→ **EXERCISE**
Exactly reproduce the line containing "Máy Rung Hai" and all later lines to the end of the entries, leaving the pictures out of your copy.

→ **MATERIAL TO PROCESS**
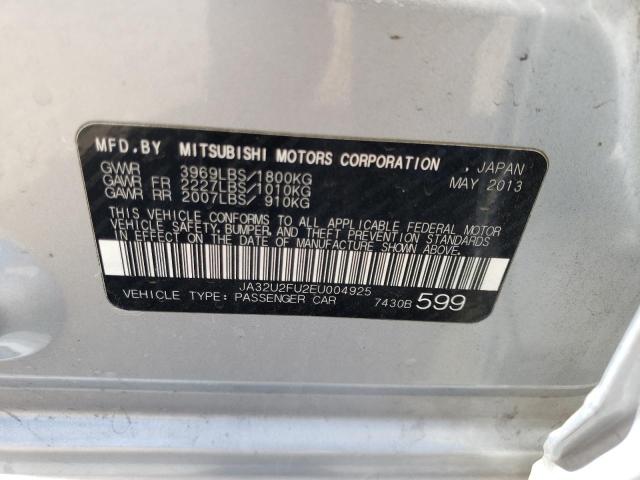 JA32U2FU2EU004925 Mitsubishi Lancer Es/es Sport
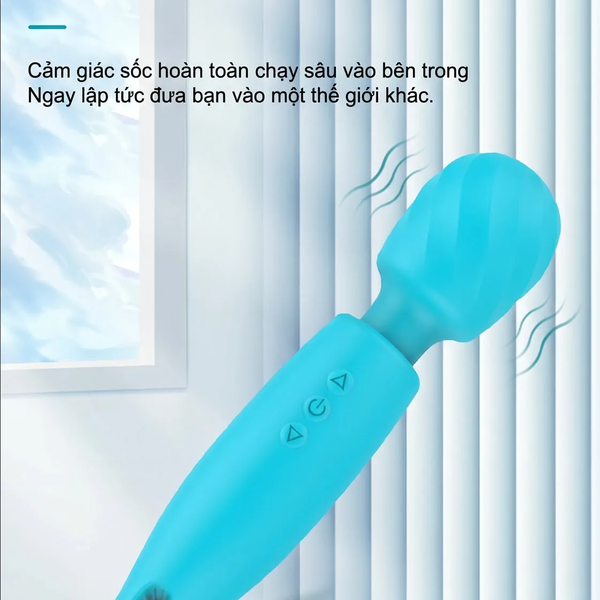 Máy Rung Hai Đầu Kẹp Âm Vật Kích Thích Kép Điểm G & Âm Vật Cùng Lúc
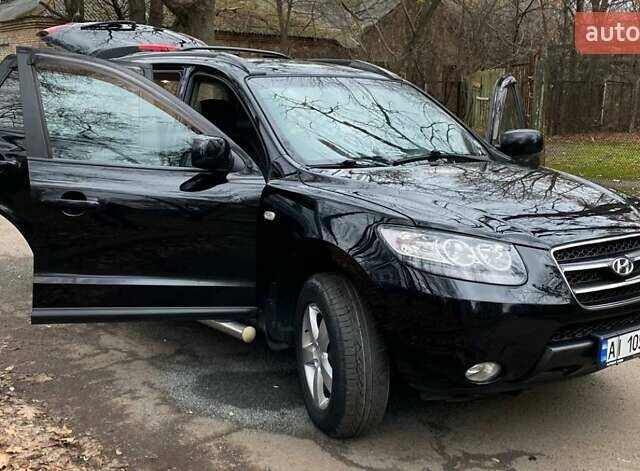 Черный Хендай Санта Фе, объемом двигателя 2.7 л и пробегом 307 тыс. км за 8900 $, фото 16 на Automoto.ua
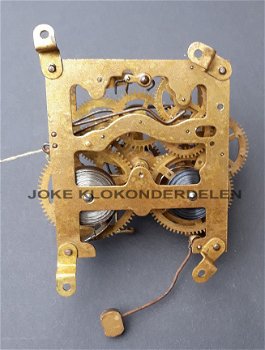 === Uurwerk tafelklok = Junghans = oud === 40533 - 2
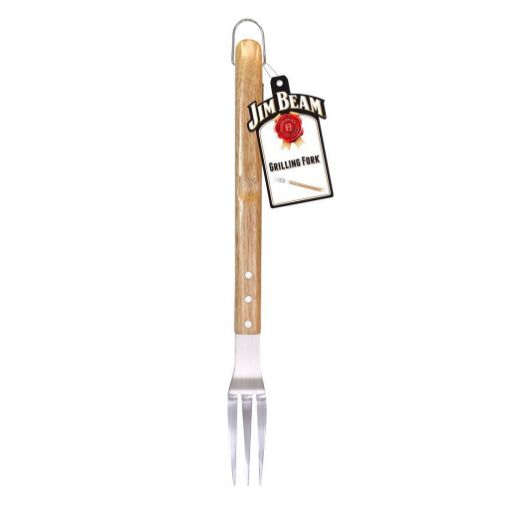 Imagen de TENEDOR PARA ASAR JIM BEAN GRILLING FORK 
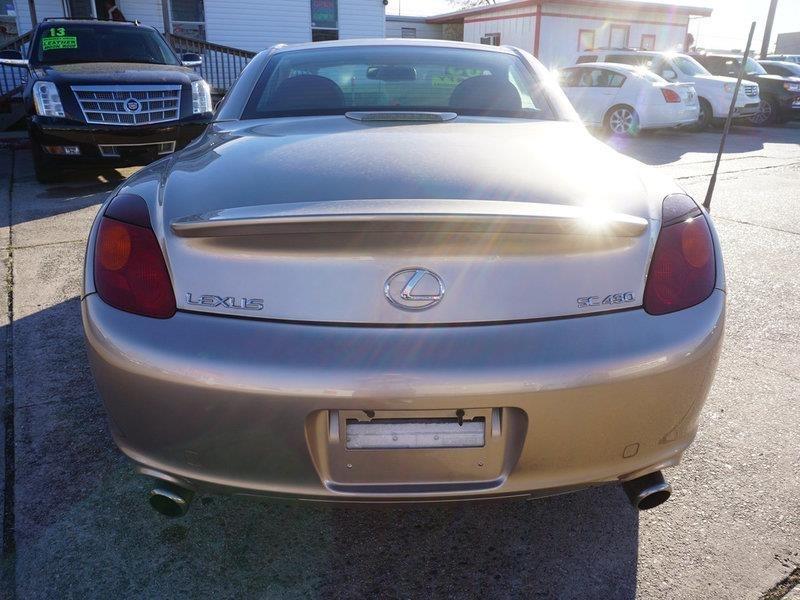 Lexus SC 430 Convertible 2003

→ **YOUR RESPONSE**
 Máy Rung Hai Đầu Kẹp Âm Vật Kích Thích Kép Điểm G & Âm Vật Cùng Lúc
 Черный Хендай Санта Фе, объемом двигателя 2.7 л и пробегом 307 тыс. км за 8900 $, фото 16 на Automoto.ua
 === Uurwerk tafelklok = Junghans = oud === 40533 - 2
 Imagen de TENEDOR PARA ASAR JIM BEAN GRILLING FORK 
 Lexus SC 430 Convertible 2003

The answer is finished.